We talk about personal branding mostly in the context of social media. And social media is important. But your personal brand exists everywhere you show up — at networking events, on stage, in client meetings, on phone calls, at the coffee machine. The question isn't whether you have a personal brand in those spaces. It's whether it matches the one you've built online.
In this episode of Built To Be Seen, Caz and Toby explore how to bridge the online and offline dimensions of a personal brand — and why the blend matters more than most people realise.
Online Primes In-Person Relationships
Here's one of the most powerful things a strong online presence does: it completely changes the dynamic when you meet someone for the first time in person. Instead of starting from zero, you're continuing a relationship that's already been forming for months. They've read your content. They know your voice. They already have a sense of who you are and what you stand for.
Toby describes this experience regularly at networking events — people approach him already familiar with his work, already warm, already interested. The conversation skips the small talk and goes straight to the good stuff. That's only possible because the online content did the relationship-building groundwork long before the handshake.
"When you've been following someone's content for months, meeting them in person feels like meeting an old friend. Your online brand primes every real-world interaction."
In-Person Experiences Deepen Online Relationships
The flip side is equally powerful. When someone you've connected with online meets you in person — at an event, a workshop, a conference — and discovers that you're exactly who you appear to be online, the trust deepens in a way that digital-only relationships can't quite achieve. You become a real person to them.
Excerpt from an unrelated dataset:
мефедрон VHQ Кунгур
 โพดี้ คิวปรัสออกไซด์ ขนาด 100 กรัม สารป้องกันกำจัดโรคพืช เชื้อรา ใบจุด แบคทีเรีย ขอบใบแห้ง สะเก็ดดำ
That shifts the relationship permanently.
This is why showing up at events in your industry — especially events where your online community is present — is such a high-value use of time. You're converting online connections into genuine relationships, and those relationships are stickier, more collaborative, and more likely to generate referrals.
Consistency Across Both Worlds Is Non-Negotiable
The worst possible outcome is a gap between your online persona and your in-person reality. If your social media projects confidence, warmth, and expertise but you show up to events hesitant, guarded, and evasive, people notice. The disconnect creates distrust rather than reinforcing it.
Your personal brand needs to be coherent across both dimensions. Same values. Same voice. Same energy. Not identical — you're naturally more formal in some contexts and more relaxed in others — but recognisably the same person. When someone who follows you online finally meets you, they should think "yes, exactly what I expected." That congruence is what makes trust stick.
"Your online brand is a promise. Every in-person interaction is where you either keep it or break it. Make sure you're the same person in both places."
Networking Generates Content, and Content Generates Networking
One of the most efficient things about blending online and offline is the feedback loop it creates. The conversations you have at networking events become content ideas. The insights you share at an in-person workshop get repurposed as posts. The client story you heard over coffee becomes a piece of valuable content for your audience.
And the reverse happens too: your content attracts people to your events, generates speaking invitations, and gives people a reason to seek you out at industry gatherings. The two channels feed each other constantly when you're intentional about the connection.
Follow Up Online After Meeting Offline
One of the most underused tactics in blending personal branding dimensions is the online follow-up after in-person meetings. Connect on LinkedIn. Send a message that references your specific conversation. Share something relevant to what they mentioned. Like a post of theirs.
This transforms a brief in-person encounter into an ongoing online relationship — one that keeps the connection alive, keeps your name in their awareness, and creates another touchpoint in the trust-building process. Most people meet someone interesting at an event and then do nothing. The follow-up is where the relationship actually takes root.
Events Are a Content Goldmine
When you attend or speak at events, you have a stream of genuine content opportunities. Share that you're attending. Post a takeaway from a talk you heard. Connect publicly with people you met. Share what you learned. Reflect on a conversation that shifted how you think about something.
This kind of content performs well because it's timely, specific, and demonstrates that you're actively engaged in your industry. It also creates touchpoints with the people you met — they'll see your posts, feel recognised, and the relationship deepens further. Real-world activity and online presence become a continuous loop rather than separate activities.